I don't believe in making huge changes that cannot be maintained. The data on yo-yo'ing weight is pretty clear at this point and it's not good. An article at the Hughston Clinic states, "Individuals who diet frequently have a significant decline in the basal metabolic rate." The lower the metabolism, the more difficulty maintaining a healthy body weight. So while the basics of eating still apply - calories consumed versus calories used - there is a lot more to the formula for success.

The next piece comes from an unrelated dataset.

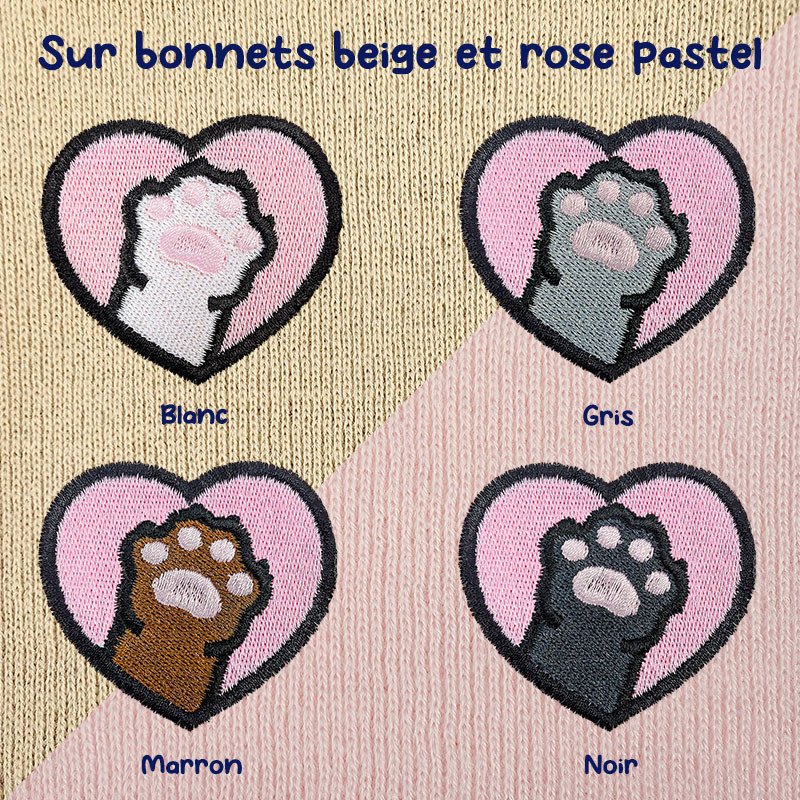 Bonnet à revers brodé personnalisable – CAT 🐱🧶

A web search provided access to research on current thoughts in exercise and there is a growing body of evidence that encourages increasing muscle mass over aerobics to help maintain or lose weight, especially that associated with aging. As men and women age, their muscle mass naturally declines over the years. Unfortunately for women it declines faster than for men. As muscle burns more calories, this creates a no-win situation where you have to keep eating less and less to maintain the same weight.
I am fortunate to have a daughter that is almost finished with her degree in Human Kinetics who I could run my findings by. This discussion has come up in class several times and again, the research is coming down on the side of building muscle over extended cardio. The added benefit is that improves and maintains balance and conditioning as you age. So I decided to move away from the combined cardio/weight DVD I was using alternated with an attempt at jogging (6 weeks and I never got those endorphins) to a sculpting DVD focusing on building strength alternated with a Yoga DVD (I am trying 3 different ones and will cover them in another blog).
The DVD is Hi-def Sculpt put out by The Firm. You will need some hand weights and I use theirs, partially because they came in a kit I bought, and partially because they have a hand strap so you can grab 2 at once if extra weight is needed for a specific exercise. They also let you build your size by having screw on weights. For me - a set of 5 pound and a set of 3 pound weights work best at this time. The 5 pound set is what I use the most, but I switch to the 3 pound if I get muscle fatigue or double the 3 and 5 pound together if I need a little more challenge.
So far so good. My muscles are seriously tired by the end of the workout which is the whole point. It's not about repetition with super light weights, it's about tiring the muscle to the point you can't do another repetition. That's the best way to build the kind of muscles that will make a difference. As always, I wouldn't suggest you do this unless you have some body awareness. Your posture and form is of utmost importance to avoid injury. So if you're not sure, best to start off with a personal trainer.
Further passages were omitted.